PROBLEM — Search the data for the string "seating" and extract every line where it appears.

======

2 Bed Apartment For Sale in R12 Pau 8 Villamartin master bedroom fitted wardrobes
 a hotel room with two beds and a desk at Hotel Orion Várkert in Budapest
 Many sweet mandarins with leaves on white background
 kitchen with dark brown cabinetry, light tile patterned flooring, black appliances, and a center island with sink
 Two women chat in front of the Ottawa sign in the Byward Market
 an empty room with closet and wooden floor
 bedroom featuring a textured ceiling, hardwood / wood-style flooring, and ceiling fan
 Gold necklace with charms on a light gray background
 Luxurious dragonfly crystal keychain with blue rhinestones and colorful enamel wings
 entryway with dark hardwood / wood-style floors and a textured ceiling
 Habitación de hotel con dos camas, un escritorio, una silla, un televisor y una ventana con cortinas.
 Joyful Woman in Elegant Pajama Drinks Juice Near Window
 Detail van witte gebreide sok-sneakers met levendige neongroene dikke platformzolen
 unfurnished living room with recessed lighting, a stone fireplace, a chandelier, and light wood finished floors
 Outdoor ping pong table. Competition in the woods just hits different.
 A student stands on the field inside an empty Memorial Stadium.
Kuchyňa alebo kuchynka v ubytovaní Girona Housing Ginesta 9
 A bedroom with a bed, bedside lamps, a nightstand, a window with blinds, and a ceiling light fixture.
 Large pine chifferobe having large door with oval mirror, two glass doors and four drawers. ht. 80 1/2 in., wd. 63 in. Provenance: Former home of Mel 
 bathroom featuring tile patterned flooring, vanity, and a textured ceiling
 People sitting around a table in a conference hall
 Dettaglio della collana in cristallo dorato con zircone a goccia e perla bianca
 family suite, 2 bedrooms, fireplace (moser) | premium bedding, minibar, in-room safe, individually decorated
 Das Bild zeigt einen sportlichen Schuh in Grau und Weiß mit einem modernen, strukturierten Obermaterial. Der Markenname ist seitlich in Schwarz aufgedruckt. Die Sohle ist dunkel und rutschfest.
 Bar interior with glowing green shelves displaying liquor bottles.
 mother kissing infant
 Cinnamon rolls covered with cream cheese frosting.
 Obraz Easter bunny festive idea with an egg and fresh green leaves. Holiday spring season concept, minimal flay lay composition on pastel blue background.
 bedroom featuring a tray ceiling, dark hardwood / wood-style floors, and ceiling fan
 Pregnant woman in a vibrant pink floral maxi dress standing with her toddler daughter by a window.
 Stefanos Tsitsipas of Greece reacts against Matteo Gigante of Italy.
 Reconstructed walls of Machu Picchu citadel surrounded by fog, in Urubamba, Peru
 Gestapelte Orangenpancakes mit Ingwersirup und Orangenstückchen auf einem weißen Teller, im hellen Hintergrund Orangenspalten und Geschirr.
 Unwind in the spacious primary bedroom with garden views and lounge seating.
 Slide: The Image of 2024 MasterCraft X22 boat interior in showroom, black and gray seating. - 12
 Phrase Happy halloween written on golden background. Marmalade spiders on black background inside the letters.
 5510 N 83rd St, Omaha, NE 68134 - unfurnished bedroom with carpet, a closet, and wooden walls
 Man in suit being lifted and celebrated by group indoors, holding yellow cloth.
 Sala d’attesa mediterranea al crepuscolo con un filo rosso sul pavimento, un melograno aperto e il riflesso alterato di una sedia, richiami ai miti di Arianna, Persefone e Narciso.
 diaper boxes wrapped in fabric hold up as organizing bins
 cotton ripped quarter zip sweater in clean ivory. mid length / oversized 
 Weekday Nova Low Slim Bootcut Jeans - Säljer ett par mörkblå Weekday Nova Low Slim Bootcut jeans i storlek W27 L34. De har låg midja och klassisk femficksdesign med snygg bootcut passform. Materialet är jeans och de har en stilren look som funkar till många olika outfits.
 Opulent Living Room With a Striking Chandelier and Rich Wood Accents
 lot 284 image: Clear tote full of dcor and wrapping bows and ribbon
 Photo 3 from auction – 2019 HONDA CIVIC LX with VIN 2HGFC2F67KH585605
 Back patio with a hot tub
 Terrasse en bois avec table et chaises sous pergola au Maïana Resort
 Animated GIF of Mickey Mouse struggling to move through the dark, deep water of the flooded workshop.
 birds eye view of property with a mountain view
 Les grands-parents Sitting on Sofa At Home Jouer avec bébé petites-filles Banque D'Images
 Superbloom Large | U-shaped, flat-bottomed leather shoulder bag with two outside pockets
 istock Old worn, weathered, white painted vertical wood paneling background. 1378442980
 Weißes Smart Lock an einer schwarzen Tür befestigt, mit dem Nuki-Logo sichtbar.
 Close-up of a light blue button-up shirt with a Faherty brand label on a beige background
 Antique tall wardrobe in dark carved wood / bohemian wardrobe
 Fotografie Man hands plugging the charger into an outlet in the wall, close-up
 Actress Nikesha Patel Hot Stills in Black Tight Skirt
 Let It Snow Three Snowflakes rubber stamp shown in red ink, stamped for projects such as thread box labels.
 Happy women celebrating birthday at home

======

EXERCISE RESULT —
 Unwind in the spacious primary bedroom with garden views and lounge seating.
 Slide: The Image of 2024 MasterCraft X22 boat interior in showroom, black and gray seating. - 12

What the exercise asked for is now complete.